Spoofing detection in financial trading is crucial, especially for identifying complex behaviors such as conspiracy spoofing. Traditional machine-learning approaches primarily focus on isolated node features, often overlooking the broader context of interconnected nodes. Graph-based techniques, particularly Graph Neural Networks (GNNs), have advanced the field by leveraging relational information effectively. However, in real-world spoofing detection datasets, trading behaviors exhibit dynamic, irregular patterns. Existing spoofing detection methods, though effective in some scenarios, struggle to capture the complexity of dynamic and diverse, evolving inter-node relationships. To address these challenges, we propose a novel framework called the Generative Dynamic Graph Model (GDGM), which models dynamic trading behaviors and the relationships among nodes to learn representations for conspiracy spoofing detection. Specifically, our approach incorporates the generative dynamic latent space to capture the temporal patterns and evolving market conditions. Raw trading data is first converted into time-stamped sequences.
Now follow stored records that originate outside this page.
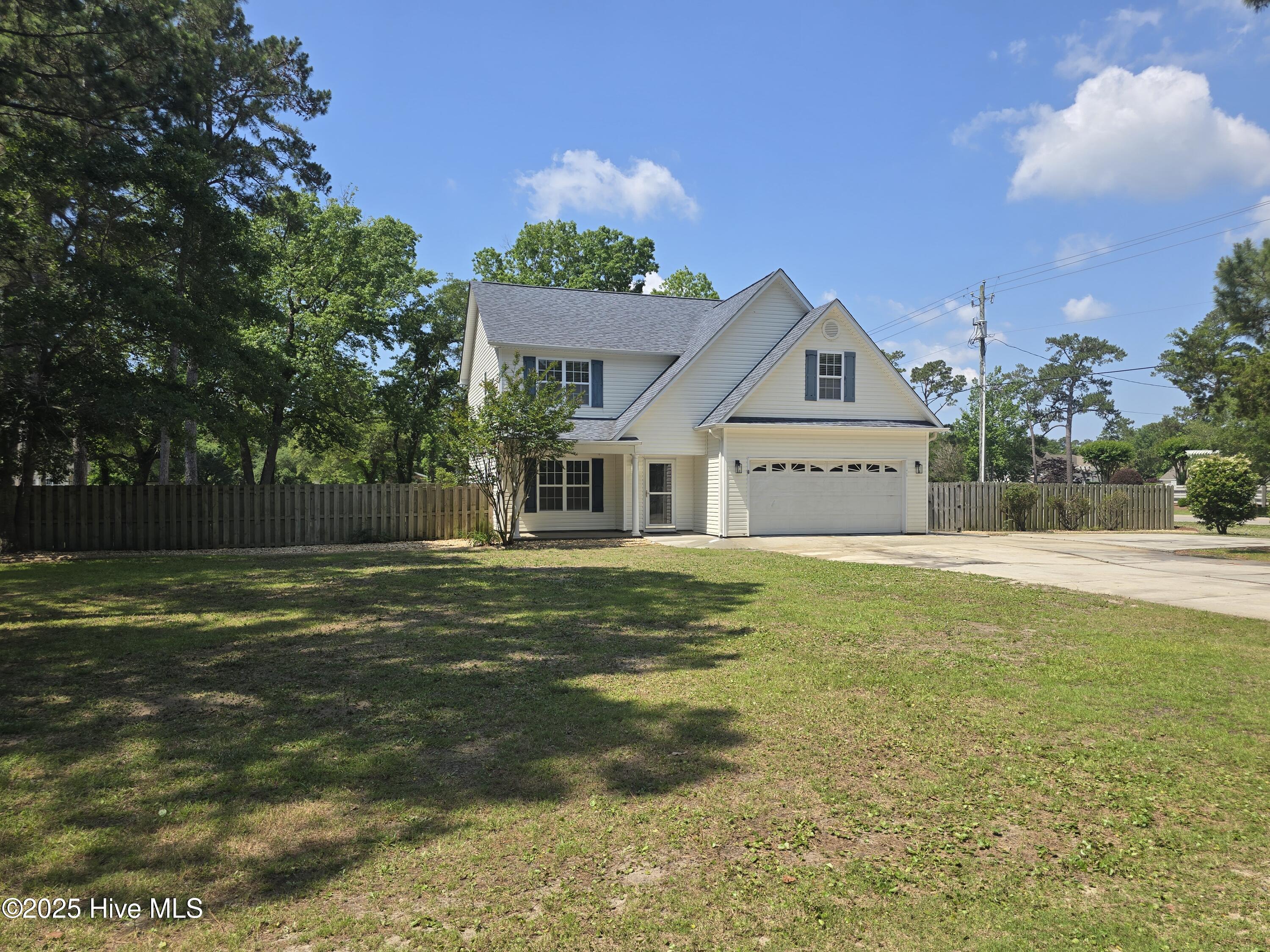 200 Golf View Drive Property Photo 1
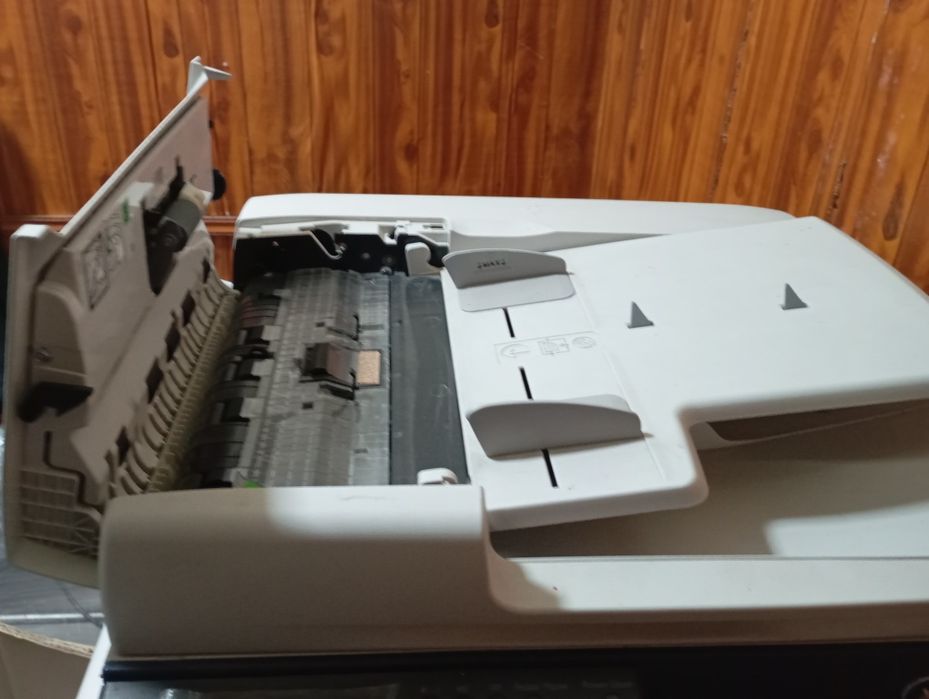 Многофункционален принтер  Xerox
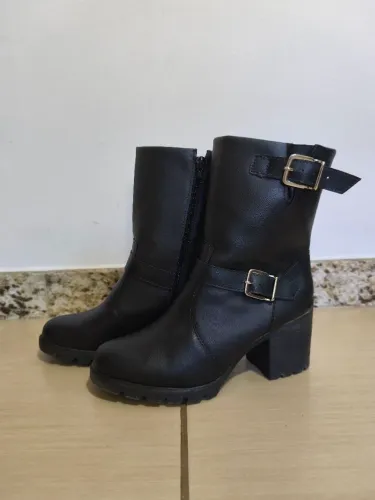 Bota Montaria Salto Alto Cano Médio n°35 NOVA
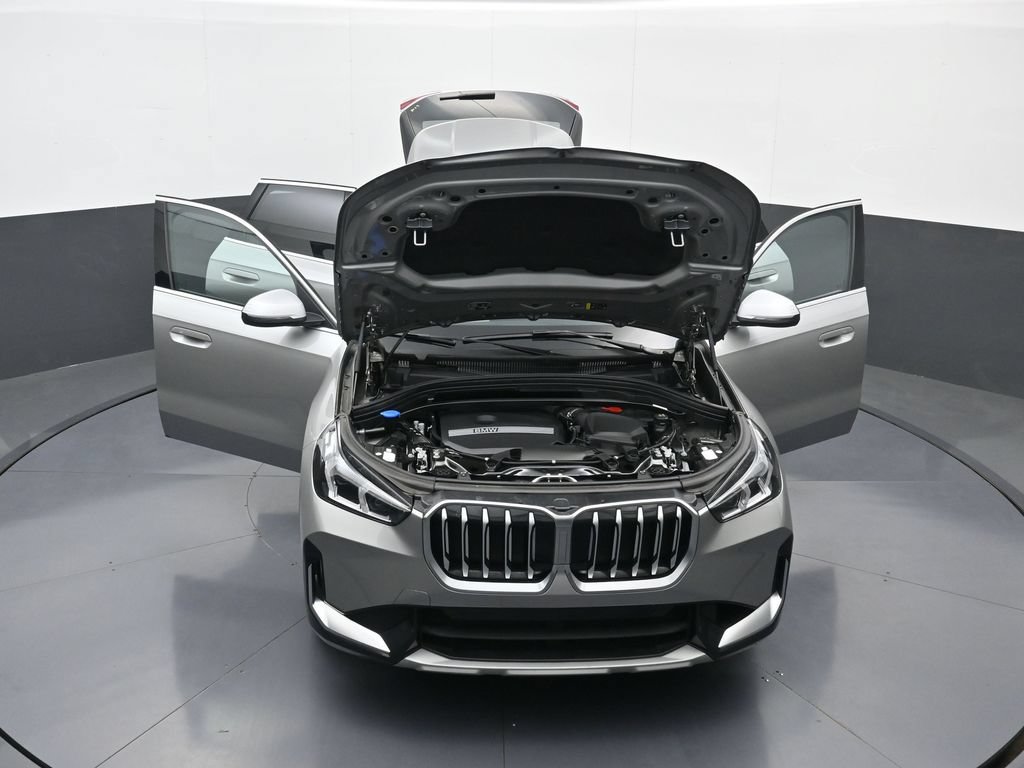 Used 2024 BMW X1 xDrive28i w/ Convenience Package AWD/4WD image 39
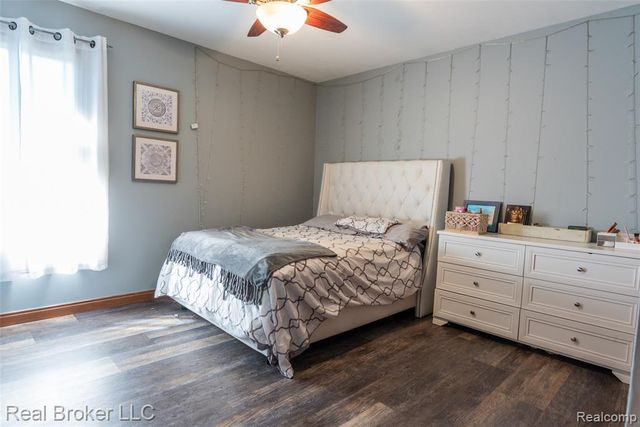 816 Seager Street, Commerce Twp, MI 48390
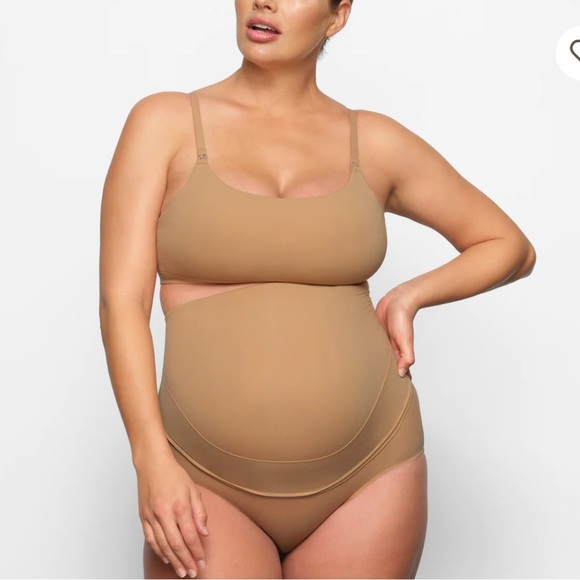 ✨SKIMS FITS EVERYBODY MATERNITY HIGH WAISTED BRIEF OCHRE XXS - Picture 4 of 5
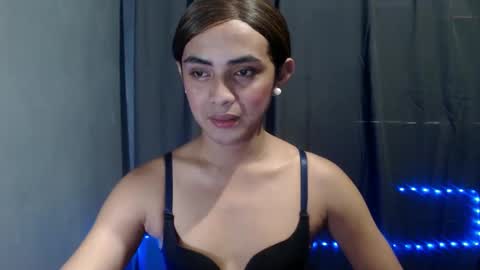 Jasmin online show from 7, 2, 2025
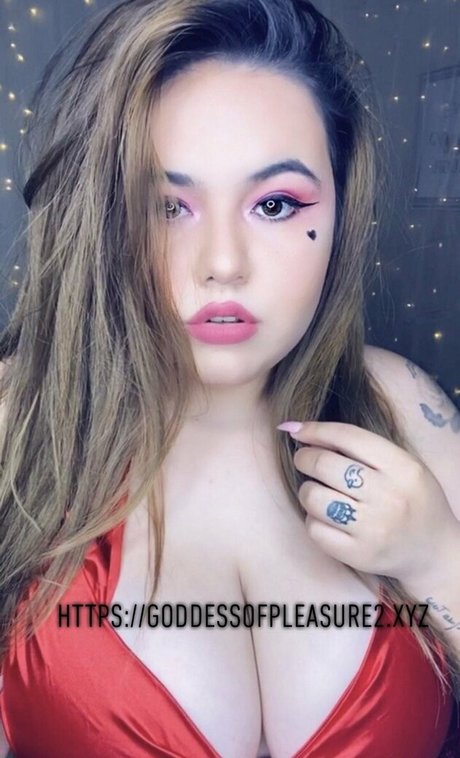 wiickedlotus model hot picture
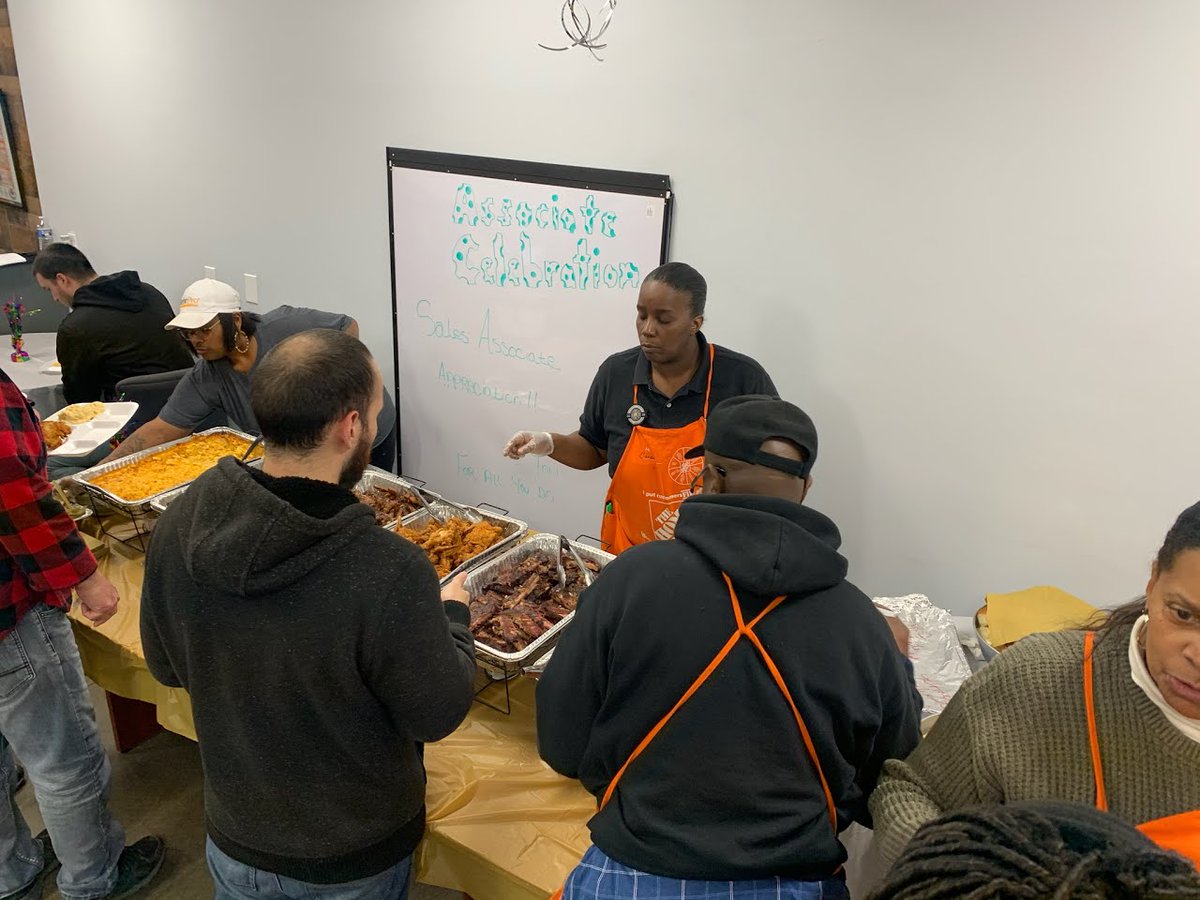 EastLibertyHD's tweet photo. East Liberty is celebrating our team in style for Sales Associate Appreciation Week! Our Sales Associates are the backbone of our store, they put so much passion and energy into their work every day. Thanks for all you do! @JohnK139HD @Shawn_THD @VanessaTHD170 @Millaya @4136J https://t.co/C62SygfthI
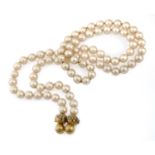 SINGLE STRING PEARL NECKLACE WITH DIAMONDS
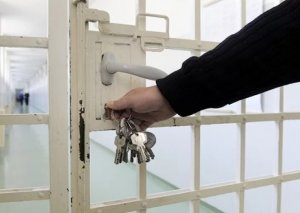 Nişanlısı məhbusa telefon gətirdi - Yaxalandı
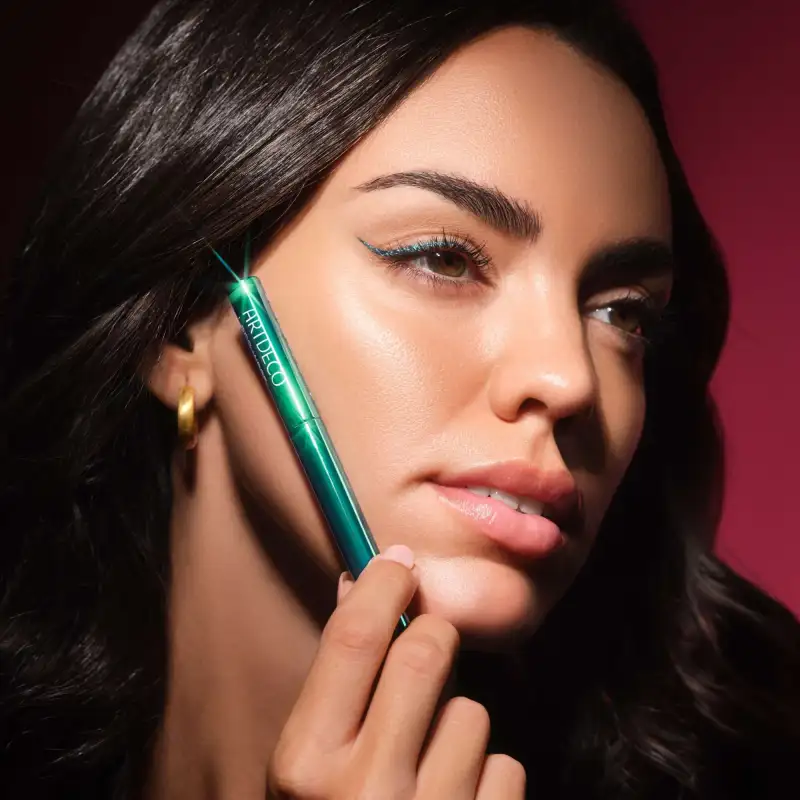 Long-wear Metallic Liquid Liner | 10 - metallic silver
Then we model trading behaviors using the neural ordinary differential equations and gated recurrent units, to generate the representation incorporating temporal dynamics of spoofing patterns. Furthermore, pseudo-label generation and heterogeneous aggregation techniques are employed to gather relevant information and enhance the detection performance for conspiratorial spoofing behaviors. Experiments conducted on spoofing detection datasets demonstrate that our approach outperforms state-of-the-art models in detection accuracy. Additionally, our spoofing detection system has been successfully deployed in one of the largest global trading markets, further validating the practical applicability and performance of the proposed method.

Paper Structure

This paper contains 24 sections, 20 equations, 5 figures, 3 tables.

Figures (5)

  • Figure 1: A typical example of spoofing transactions. Traders place deceptive sell (ask) or buy (bid) orders without execution to influence the market price by misleading other traders about the market demand or supply.
  • Figure 2: The proposed Generative Dynamic Graph Model (GDGM) architecture for Conspiracy Spoofing Detection. The first part is the historical transaction encoding of input time series data, which builds the embedding of irregular transaction series. The second part is the temporal graph attention. The third part is the heterogeneous graph attention layer, which aggregates the information for different types of neighbors. The fourth part is the classification layer, which is a multi-layer perception that gives the prediction of whether this transaction is spoofing.
  • Figure 3: The experimental results of spoofing detection methods under queue-based study. During the experiment, pre-trained models were employed to detect spoofing transactions over four weeks. At the end of each four-week interval, newly observed cases were merged with the historically labeled database, and the models were retrained to improve their performance.
  • Figure 4: AUC of our method, in terms of threshold $z$, dimension of encoding output $h$, dimension of the attention vector $q$, and number of heterogeneous aggregation layers.
  • Figure 5: Performance comparison for models with different generative data encoding modules. We fix the trained model and make predictions for the next 12 weeks.